Puis il a profité de l'occasion pour faire remarquer que le Crédit Social unit sur un terrain commun, sur le terrain des besoins communs, donc sur un terrain voulu par le Créateur lui-même. Nul ne peut se soustraire aux besoins communs. Et le Crédit Social est la formule pour garantir à tous, grâce aux avantages de la vie en société, la possibilité de satisfaire au moins les premiers besoins, communs à tous.
Mais, cette union ne signifie nullement la disparition des entités propres. Il n'y a pas besoin de détruire des éléments pour les unir avantageusement.
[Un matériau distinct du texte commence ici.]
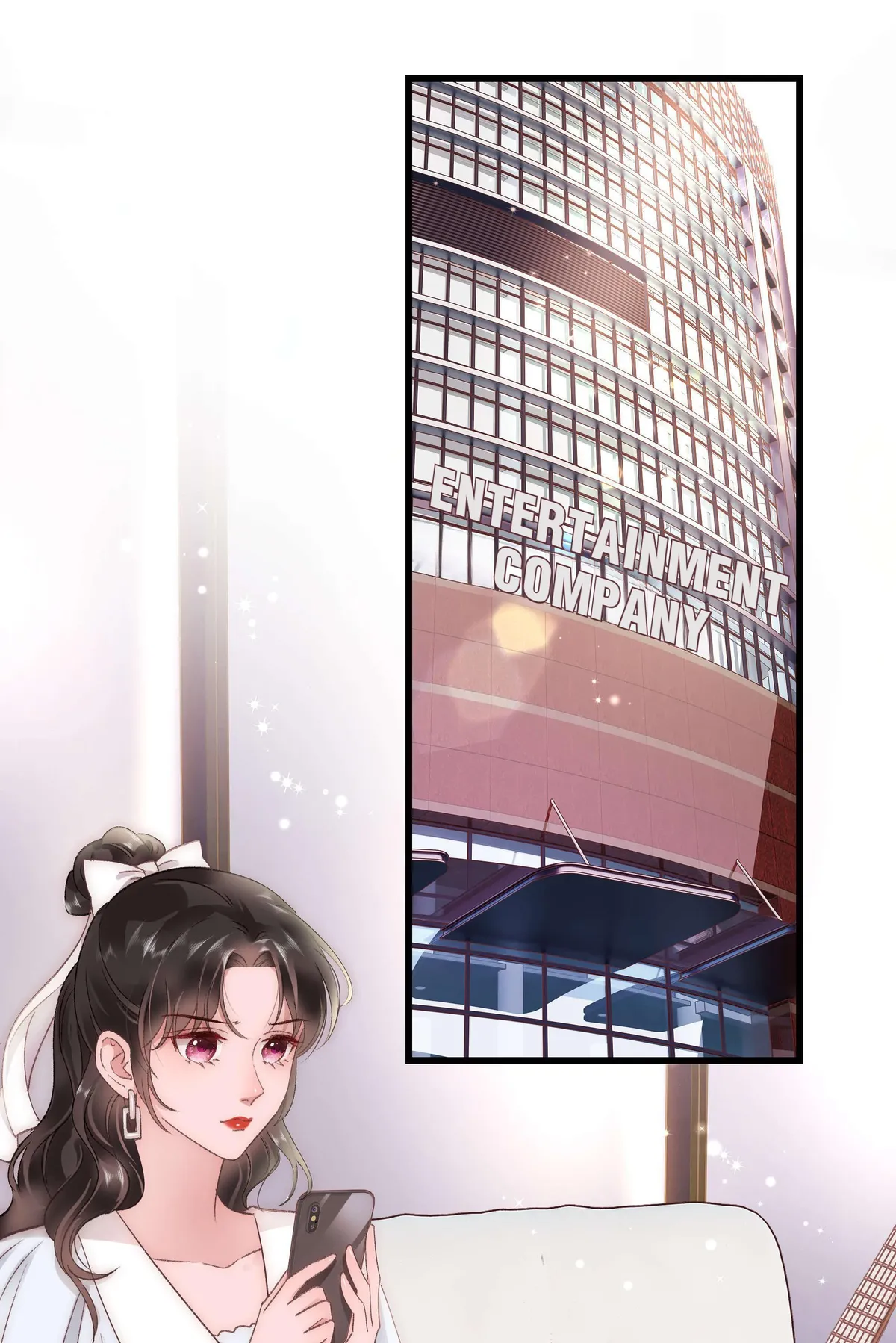 Professional Fan Chapter 28 Online - página 44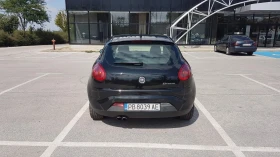 Обява за продажба на Fiat Bravo SPORT ~6 300 лв. - изображение 6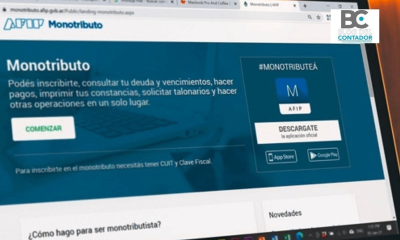 reforma en monotributo 2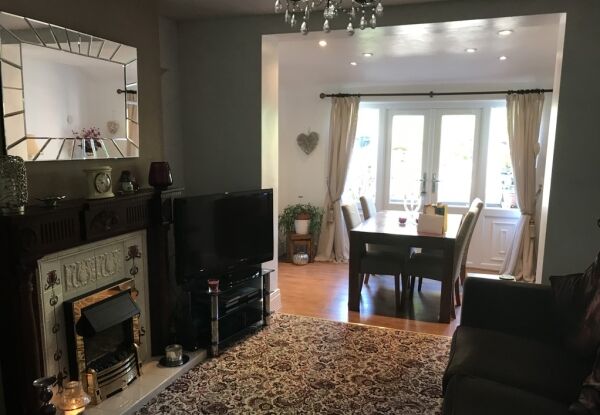 Large Commercial Freehold with Accom - Staffs Large Commercial Freehold with Accom - Staffs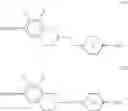 Fig. 71 - Liquid-crystal medium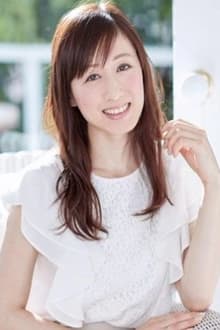 Foto de perfil de Ao Takahashi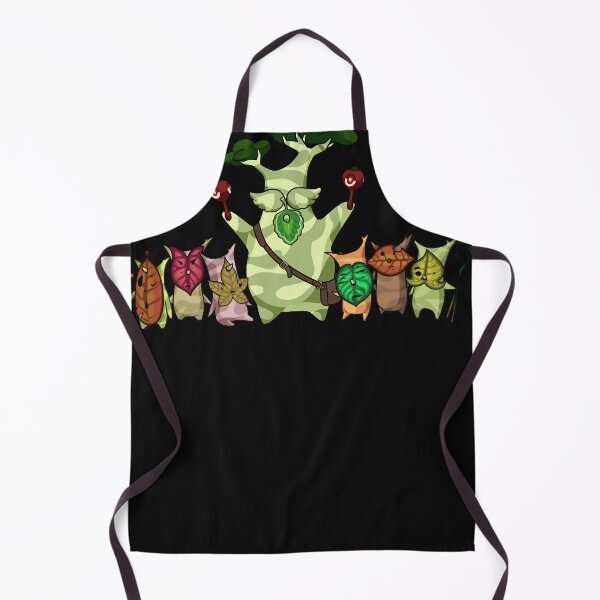 Item preview, Hestu and the koroks! Classic T-Shirt designed and sold by Miktkins.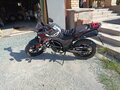 2023 Rockot Dakar, чёрный, 199000 рублей - вид 5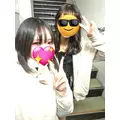ののか|板橋区 赤塚のガールズバー|CURE(キュア)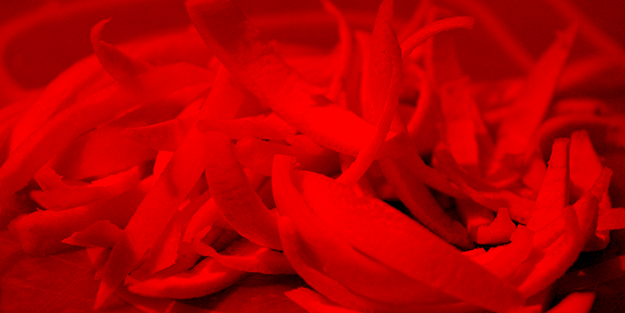 Türkiye'de kimse yüzüne bakmıyor! Herkes çöpe atıyor ama Asya ülkesi bizden almak için kapımızı çaldı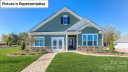 4249 Millstream Road sold home in Denver, SC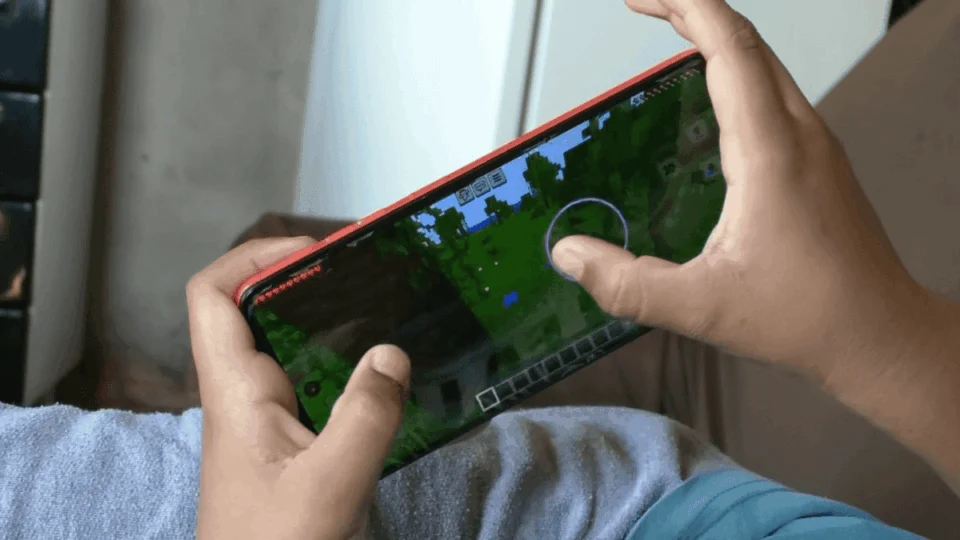 Vício em celular: impacto na saúde e dicas para um uso consciente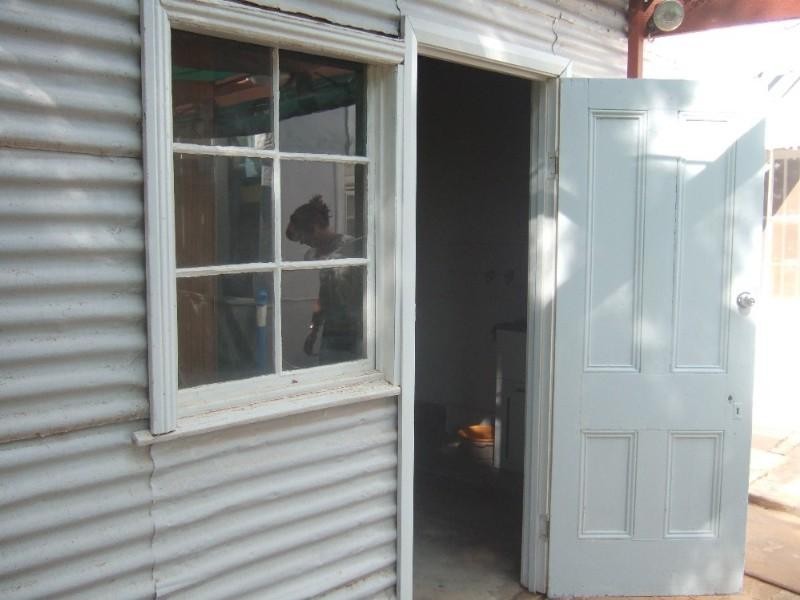 650 Lane Lane, Broken Hill NSW 2880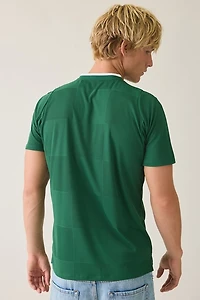 Nike Slam Dri-FIT Jersey Tee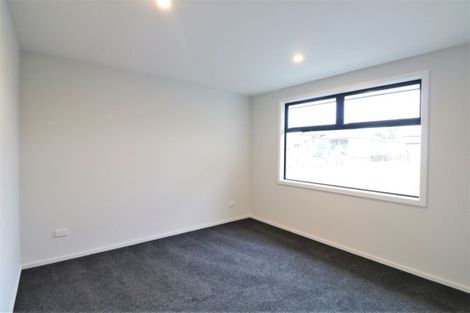 Photo of property in 22 Meadowstone Street, Gleniti, Timaru, 7910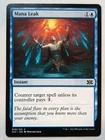 Mana Leak #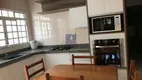 Foto 6 de Casa com 3 Quartos à venda, 150m² em Jardim da Fonte, Jundiaí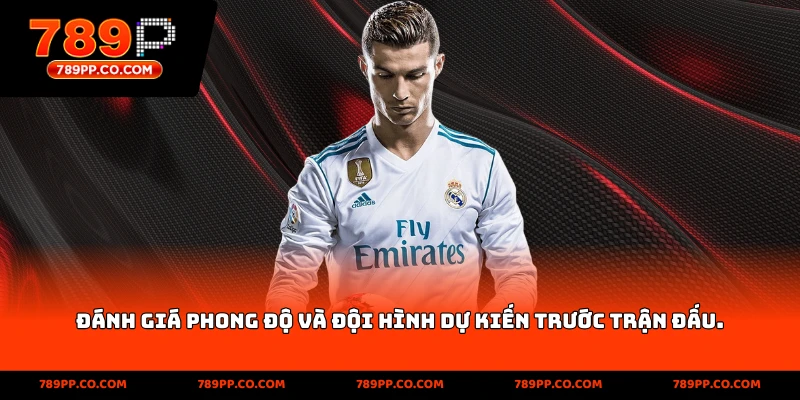Mẹo Cá Cược Bóng Đá Hiệu Quả Giúp Nâng Cao Tỷ Lệ Thắng 2026 - ZUMOKI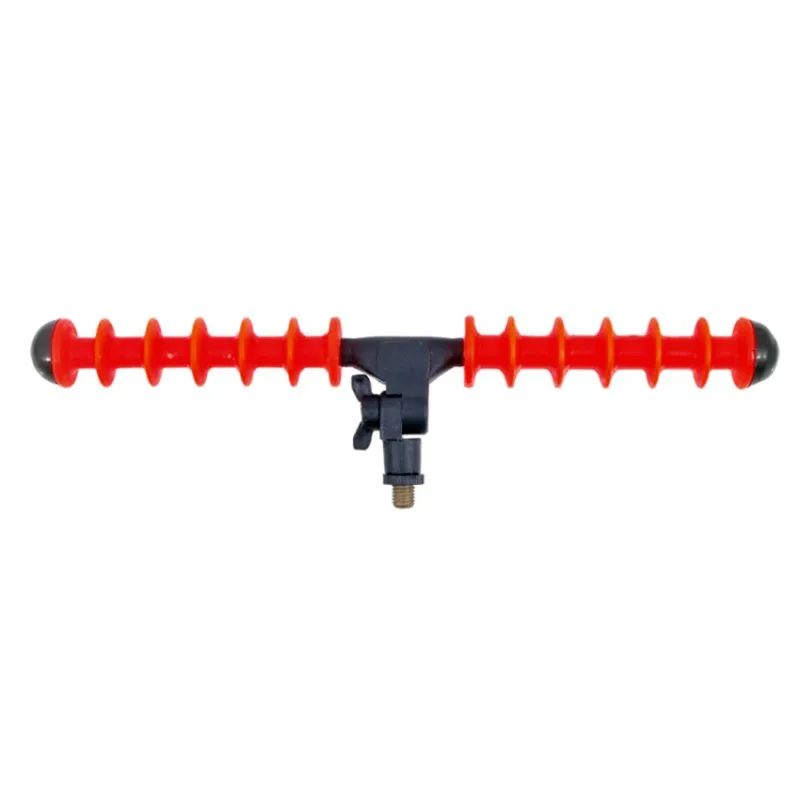[700004104] KONGER REST HEAD MULTI ADJUSTABLE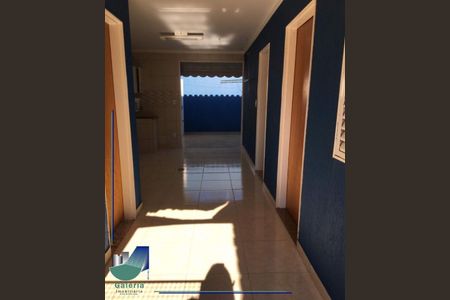 9_photo/94b9bf550b.edc4feca53678e01-ATLAS-c5563703-ed99-433e-b53c-aada13e9f809.jpg de casa à venda com 4 quartos, 475m² em Subsetor Leste - 8 (L-8), Ribeirão Preto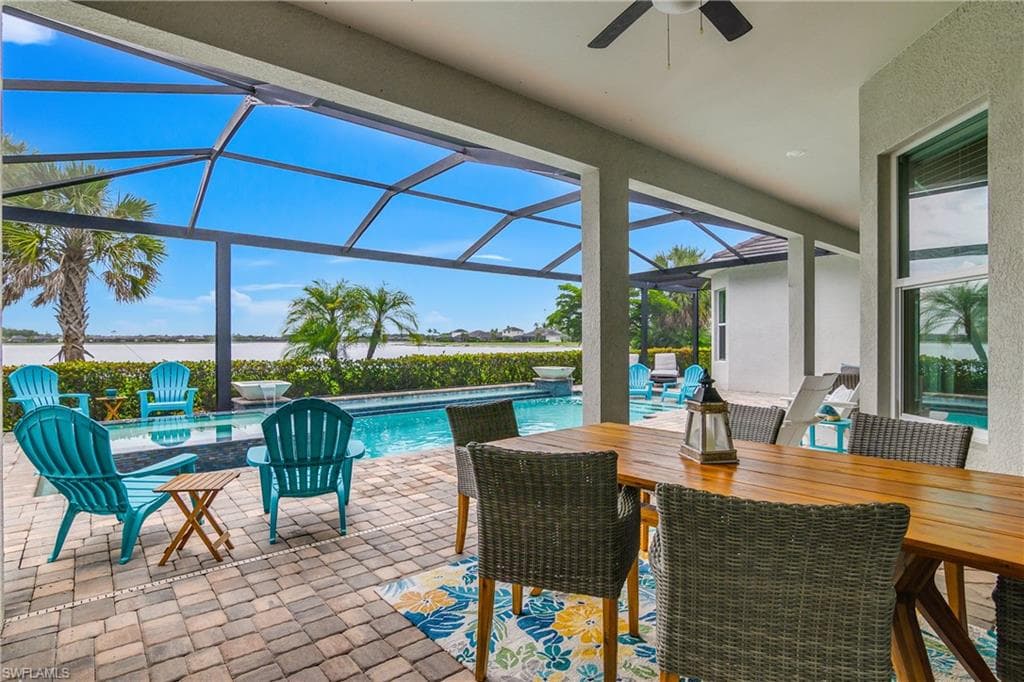 14870 Blue Bay CIR-33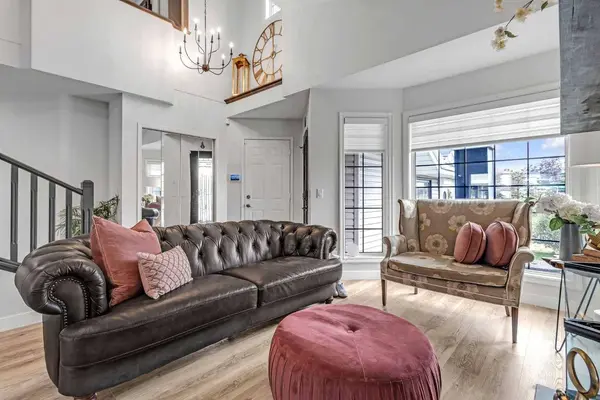 303 Coral Sands TER NE, Calgary, AB T3J 3K3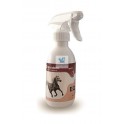 NUTRIDERM EQ 250 ml Spray Locion Dérmica para Caballos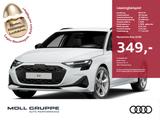 Audi A3 Sportback advanced TFSI 85 kW S tronic - Audi A3 Neuwagen in Duisburg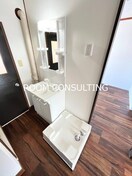  プレイスいしき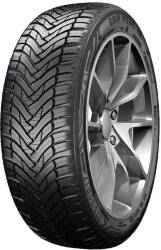 CROSSWIND GRIP PEAK 4S 185/60 R14 82H - gumiflex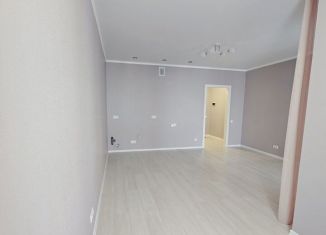 Квартира на продажу студия, 31 м2, Абакан, улица Генерала Тихонова, 8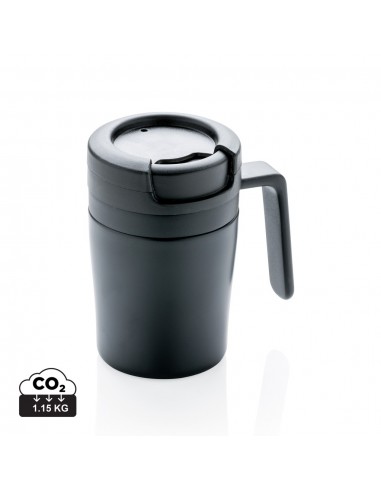Taza Coffee to go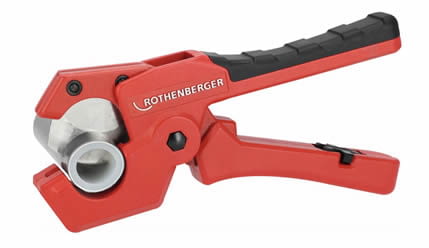 1000004324 - TALLATUB ROCUT 26 MSR - 2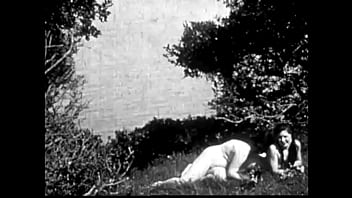 The Heat Of The Summer. Vintage Naturists - XVIDEOS.COM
Au contraire, plus les éléments sont forts, sains et vigoureux, plus il est possible d'avoir un tout fort, sain et vigoureux.
"Un Canadien français, dit M. Grégoire, restera un Canadien français dans l'Association Créditiste du Canada ; et le Crédit Social devrait seulement lui permettre de mieux développer les qualités de sa race. De même, le Canadien des Prairies. De même celui de la Colombie-Britannique. De même pour les Anglais de Grande-Bretagne. De même pour les Allemands.
"Le Crédit Social unit les hommes, quels que soient leur credo, leur race ou leur langage. Il les unit, mais il ne les supprime pas."
"Aussi, faut-il louer l'Association Créditiste du Canada d'avoir respecté, dans sa structure et sa constitution, la parfaite autonomie des organisations créditistes provinciales."